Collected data
>>

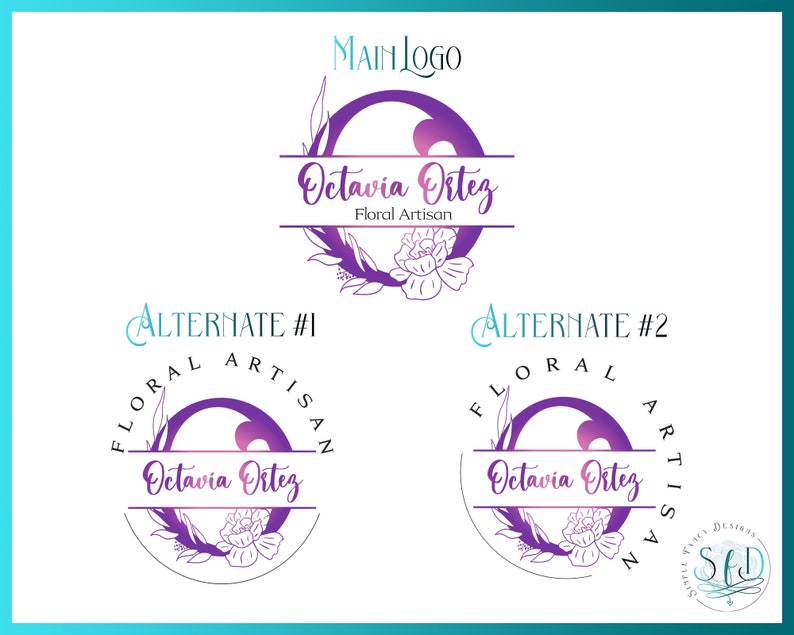 Download Premade logo feminine logo floral logo monogram flowers | Etsy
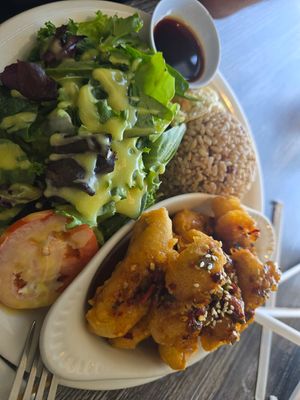 Spicy orange chikin lv 6 lunch special at Bright Star in Rancho Cucamonga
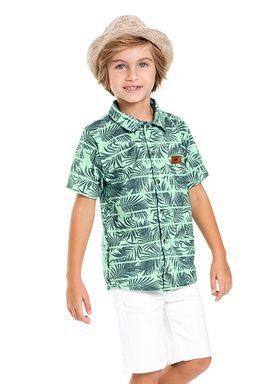 camisa meia malha flame infantil juvenil masculina folhagem verde marlan 64690 1
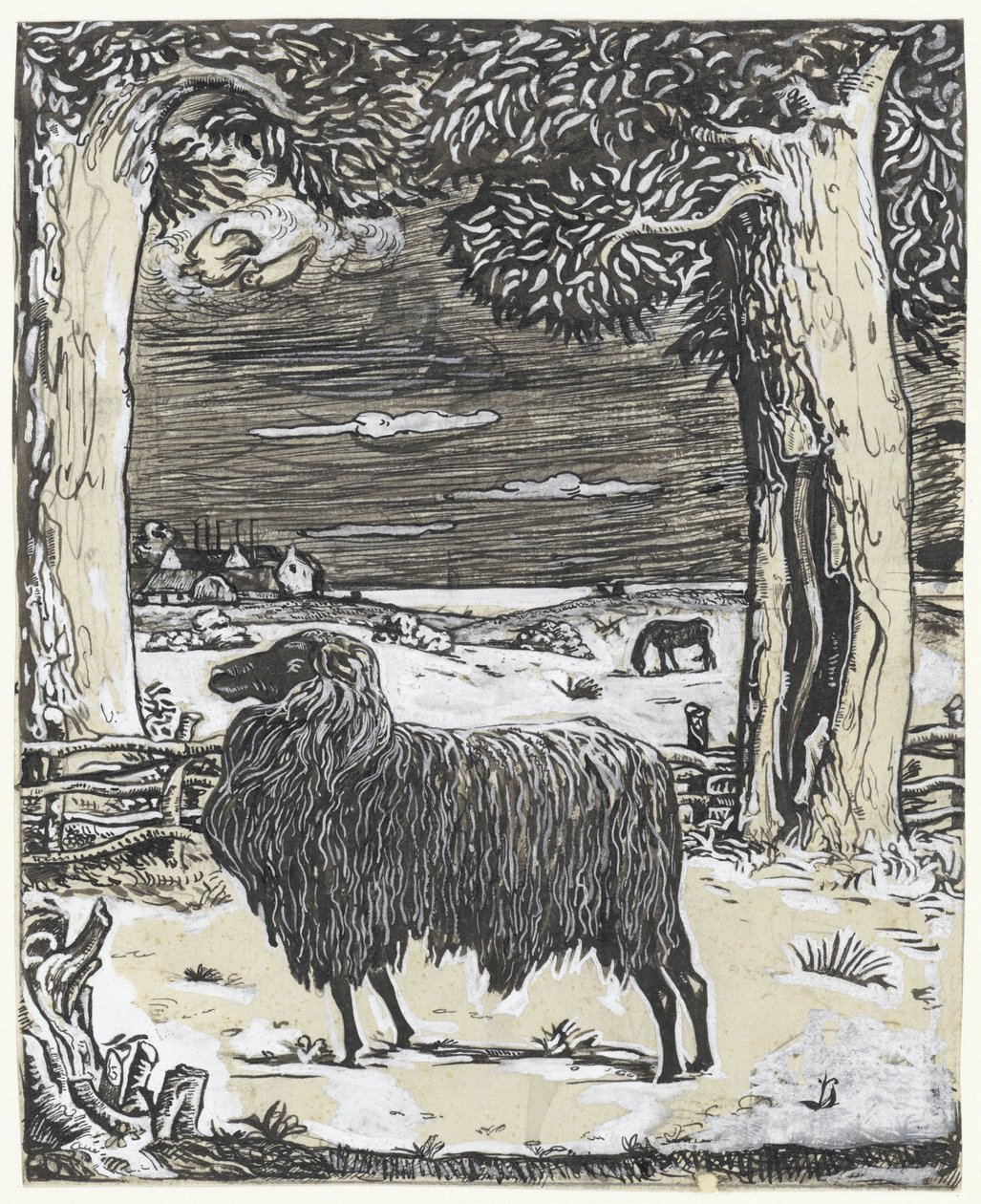 İki ağaçlı bir manzarada koyun by Richard Nicolaüs Roland Holst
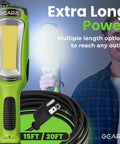 Powerful 2000 Lumen COB LED Work Light with 15 ft cord, green, shown with plug and man holding for shop use image.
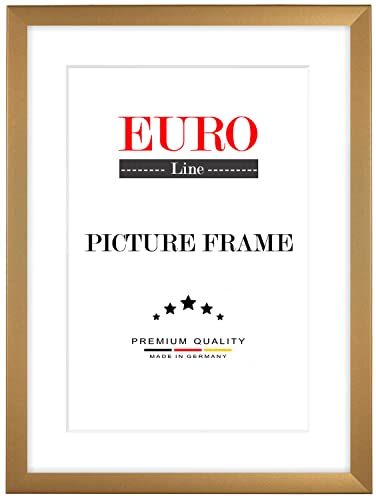 EUROLine Holz Bilderrahmen 16 x 35 cm Gold Schlicht mit Antireflex-Acrylglas für | Foto | Poster | Puzzle Rahmen von EUROLine35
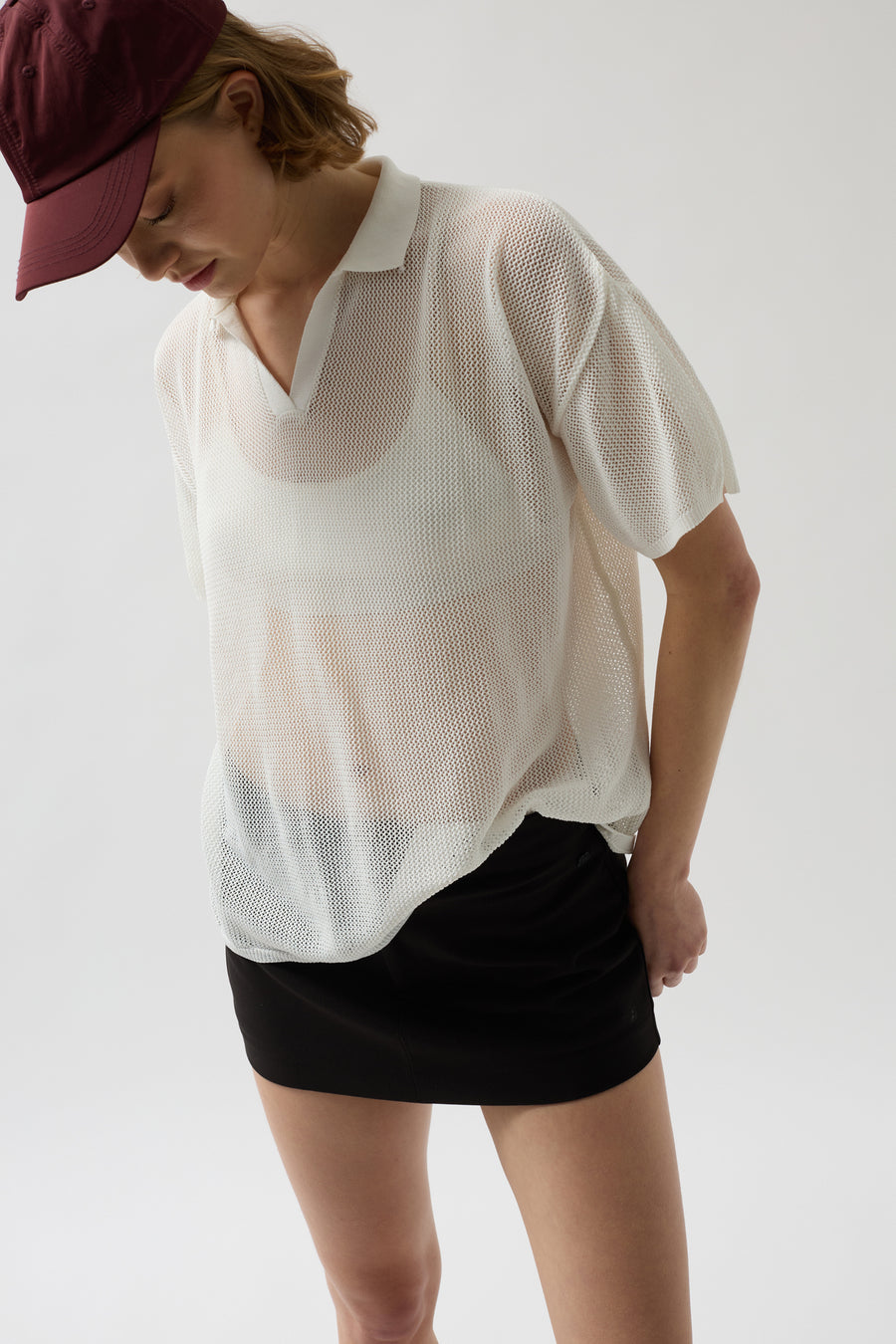 Polo Neck Transparent Ecru T-Shirt 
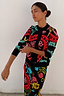Thumbnail for Black Amara Hollie Cardigan with iconic eye and heart motifs and button-up front, designed in London.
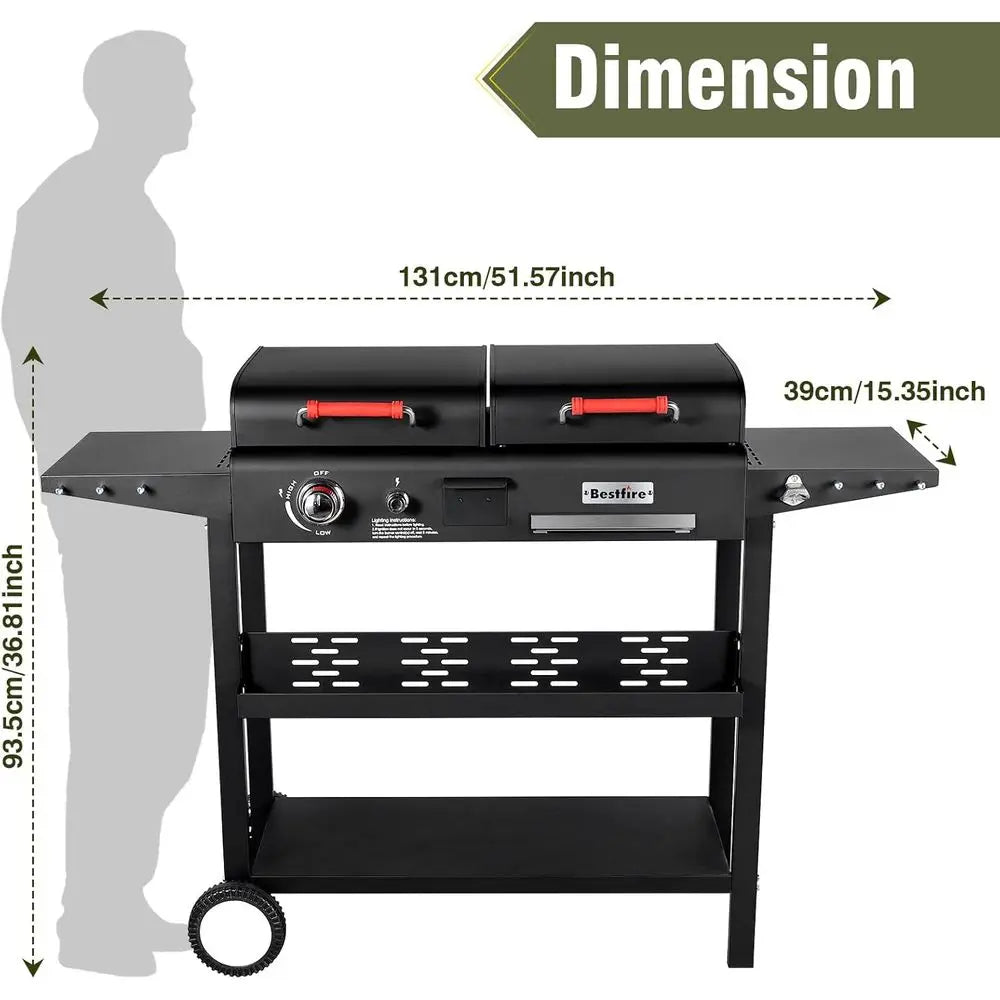 Dual Fuel Propane and Charcoal Grill With Dual Lids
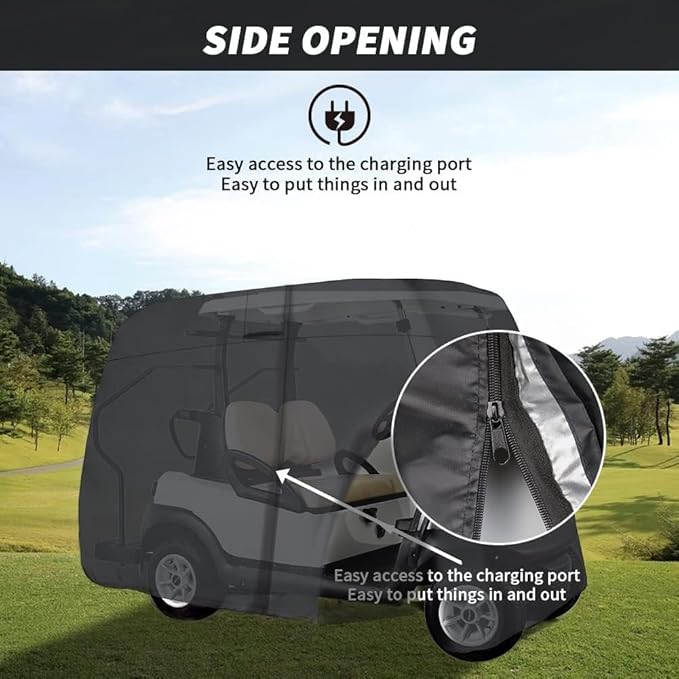 Golf Cart Cover 2/4/6 Passenger, Waterproof Golf Cart Rain Covers, Heavy-Duty All Weather Protection Cover for EZ GO Yamaha Club Car Enclosure Accessories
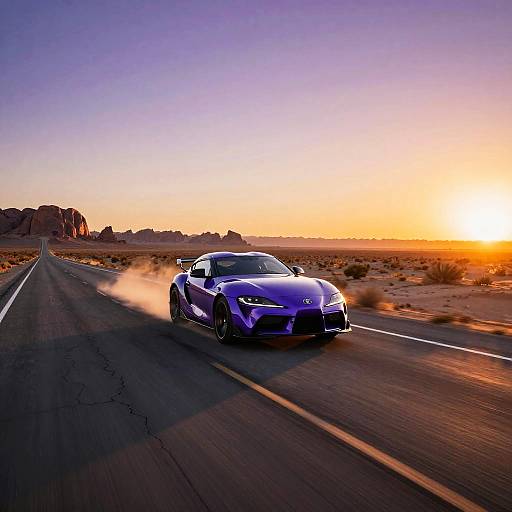 Purple Toyota Supra Desert Sunrise Speed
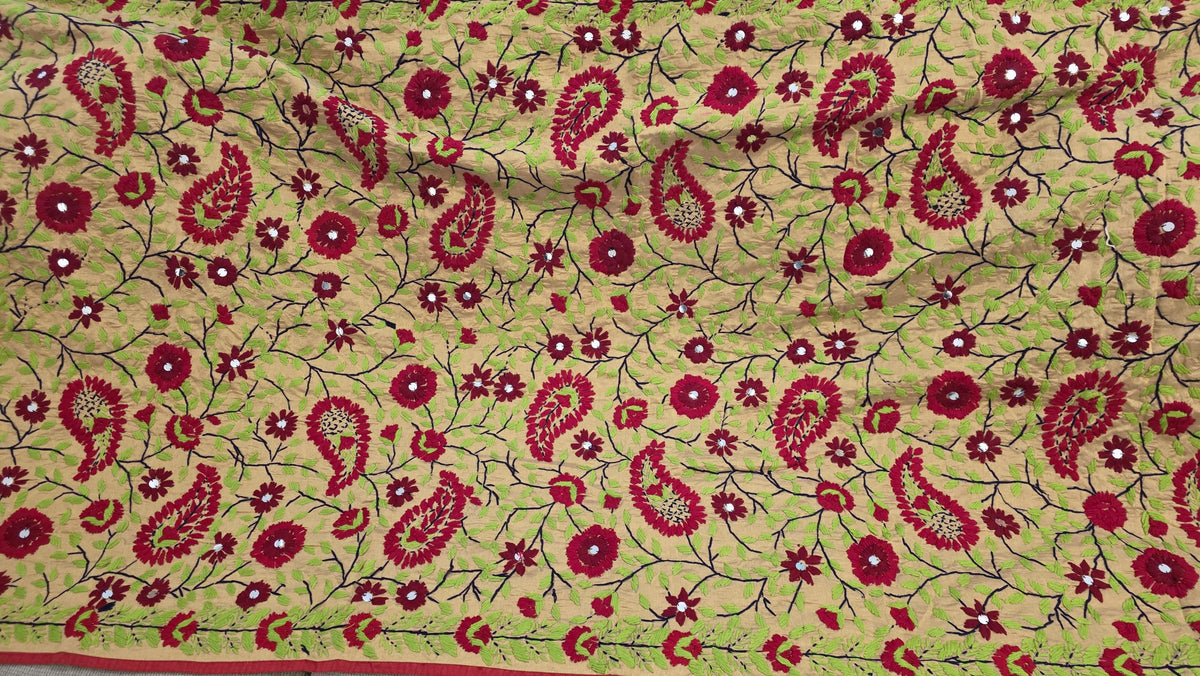 Green and red floral Work Dupatta with Mirror Work | Indian Ethnic Festive Scarf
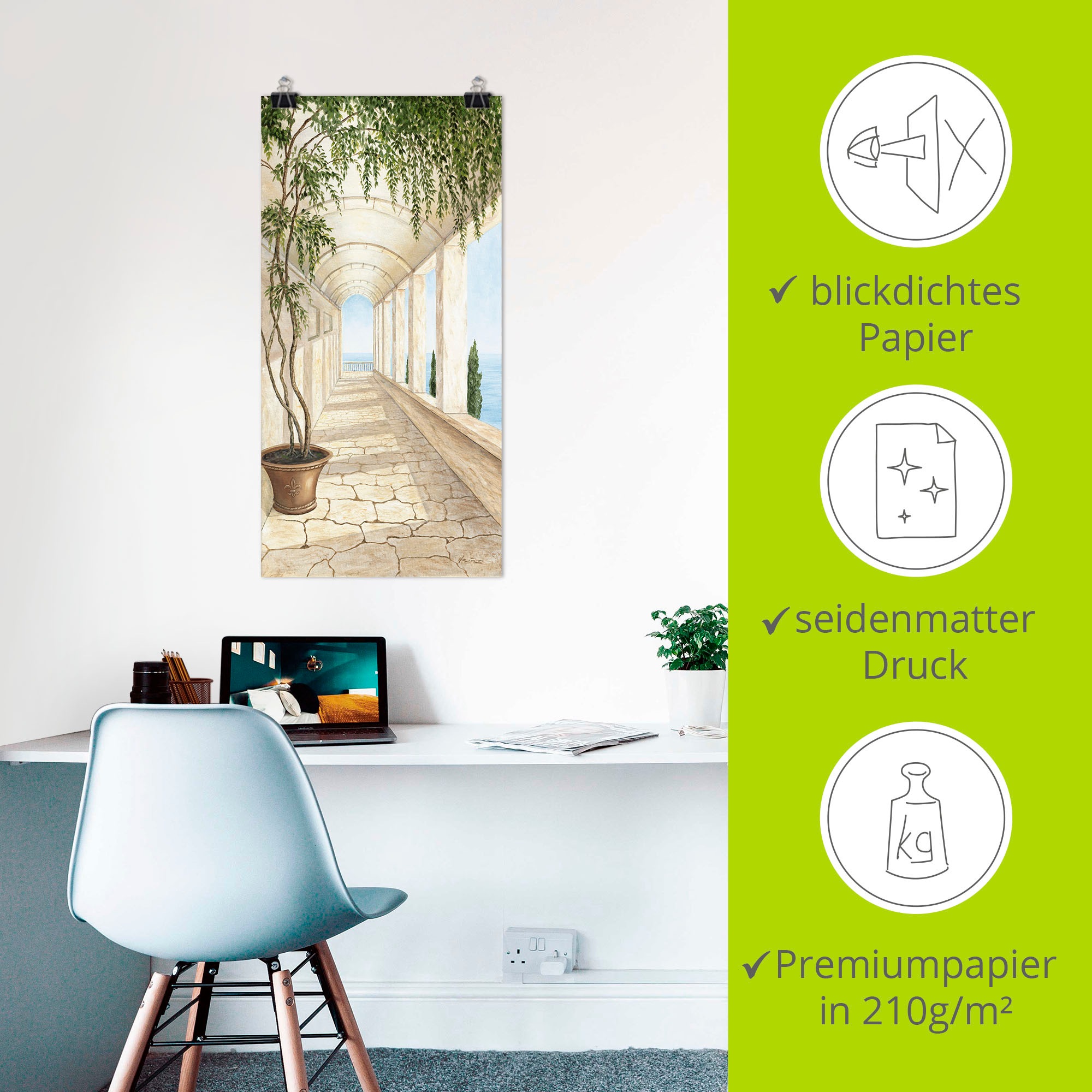 Artland Wandbild »Capri«, Gebäude, (1 St.), als Alubild, Outdoorbild, Leinwandbild, Poster, Wandaufkleber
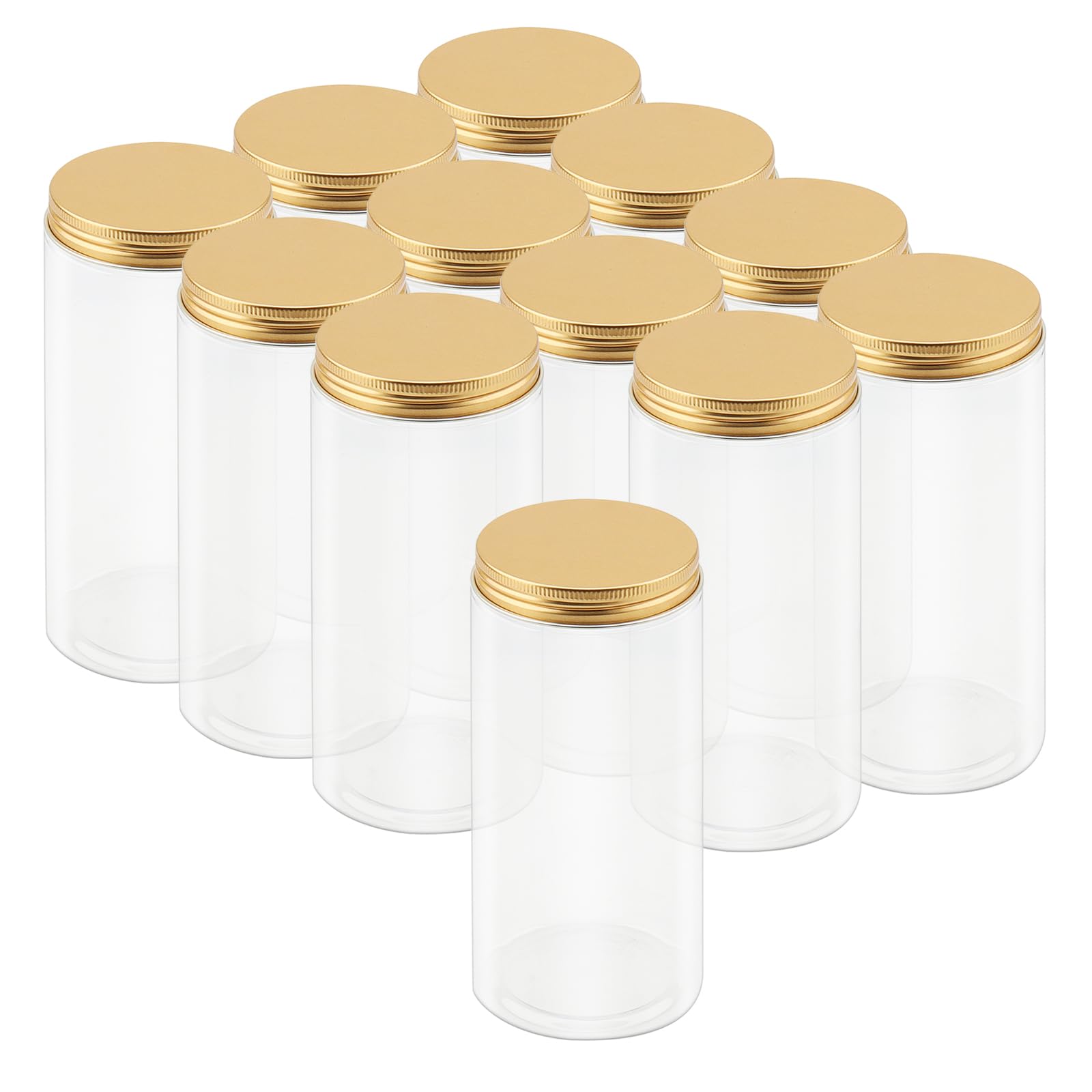 Lexinin Clear, Gold 12 Pack 500Ml Clear Plastic Spice Jars With Gold Lids, Wide Mouth Storage Storage Jar, Empty Plastic Storage Containers For Food, Spices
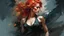 Placeholder: muscular russian woman 28yo with red hair, on a pinup poster : dark mysterious esoteric atmosphere :: digital matt painting with rough paint strokes by Jeremy Mann + Carne Griffiths + Leonid Afremov, black canvas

<<

Aim of the task
Pictures excluded, reproduce only the part above that opens with the line holding "Purple Toyota Supra Desert Sunrise Speed" and closes with the line holding "Leinwandbild, Poster, Wandaufkleber", exactly as written.

Task result
 Purple Toyota Supra Desert Sunrise Speed
 Green and red floral Work Dupatta with Mirror Work | Indian Ethnic Festive Scarf
 Artland Wandbild »Capri«, Gebäude, (1 St.), als Alubild, Outdoorbild, Leinwandbild, Poster, Wandaufkleber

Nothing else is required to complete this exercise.